The LAS-PHL flights in the OP were flown by aircraft whose registrations end in "AU" such as N628AU for example. The airfleets website shows that this aircraft was a US Air (later, US Airways) jet until it was re-registered in December 2006 (the dates on that site are DD-MM-YYYY format). Generalizing from that example, these jets were legacy (pre-merger) US Airways jets.
The LAS-PIT flights in the OP were flown by aircraft with registrations ending in "AW" such as N810AW. Airfleets shows that this was an America West jet until it became a US Airways jet in October 2006. Again generalizing from this example, the "AW" jets were "American West" aircraft at the time of the OP's data.
So at the time, the one flight was being flown by jets in US Airway livery, and the other by jets in America West livery. And to the passengers, they almost certainly were sold under the respective brands, so one could buy a ticket for "US Air flight 634" from LAS to PHL in the morning, or a ticket on "America West flight 634" from LAS to PIT in the evening. You'd have to use two separate websites to do so, but there would be no confusion.
Okay, so the remaining question:
Why do they both have the "US" (presumably meaning US Air)
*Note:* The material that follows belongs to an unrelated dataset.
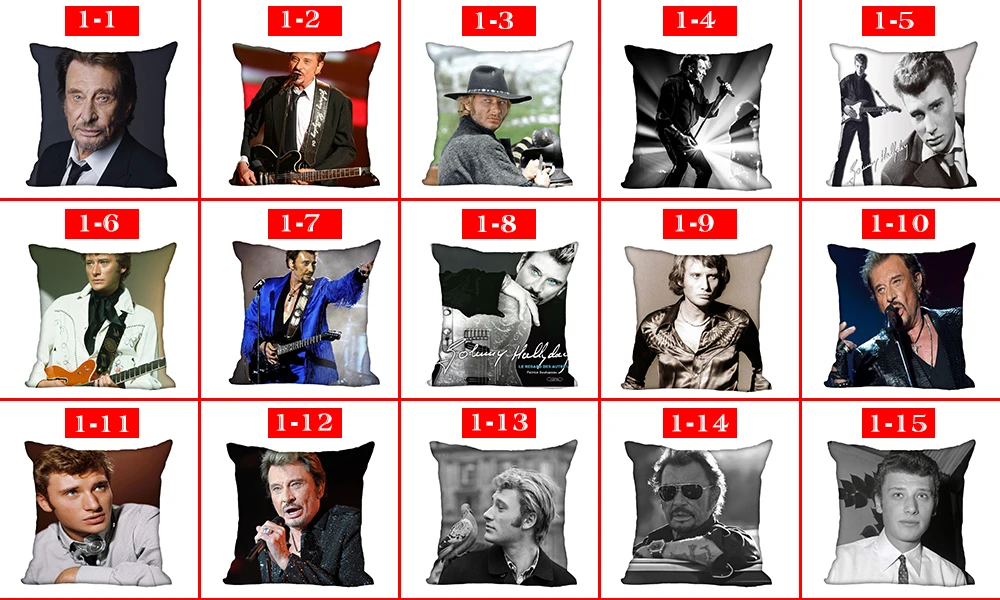 johnny hallyday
uniquecarrier ID in the table?
As described in this paper from Embry Riddle Aeronautical University,
America West Airlines acquired the bankrupt US Airways on September 27, 2005
to form the US Airways Group.
The two airlines became fully one in 2007, when a single operating certificate covered them both. During the interim,
Both of the merged airlines retained their names and continued operating until September 25, 2007, when America West's FAA certificate was merged into US Airways.
This interim period is when the flights shown in the OP occurred. At this point, the airlines were in the process of merging their operations, although their website weren't merged until May 2006. Thus, in the January/February timeframe posted, the tickets for each would be sold separately.
The wikipedia article notes that the callsigns remained separate until 2008, as "US Air" and "Cactus"; after October 2008, the entire operation used "Cactus".
While it's hard to retrace each step along the way from two separate carriers to one unified carrier, it's clear that various steps are involved, so it seems probable that whatever data source gives the
uniquecarrier identifier in the table, either switched over separate identifiers before the dates of these flights, or else it was retroactively changed over to make them all "US" even though at the time some would have been "AW".
In the general case...
So, is it possible, to have two flights with the same number at the same airport at the same day? Yes, although the data shown above probably doesn't indicate that LAS saw a "US Air 634" twice a day during the timeframe shown. But as long as the first flight and the second don't overlap in time, there is no ATC constraint that prohibits is. (Military aircraft do this all the time... Cool06 can fly from KDLF to KDLF on a training mission multiple times during the day -- Laughlin AFB in this case.) It's possible, but sufficiently unwise because of the potential to create confusion, that it probably happens for an airline somewhere between very rarely, and never.
As a matter of avoiding confusion, an airline would probably work to avoid scheduling their flight 123 more than once in a day:
"I'm here for my flight 123."
"Sorry, but YOUR flight 123 isn't for another 10 hours; this is the other flight 123 today."
But, if flight 123 is scheduled to depart at 2300 and one day it runs over an hour late, the next calendar day will have two "Flight 123" operations, and nothing will break.
All that to say, what the data in the OP most probably shows, is an artifact of how US Air operated during the transition from two airlines into one, and may not really be particularly indicative of anything more widespread, nor generalizable, than that.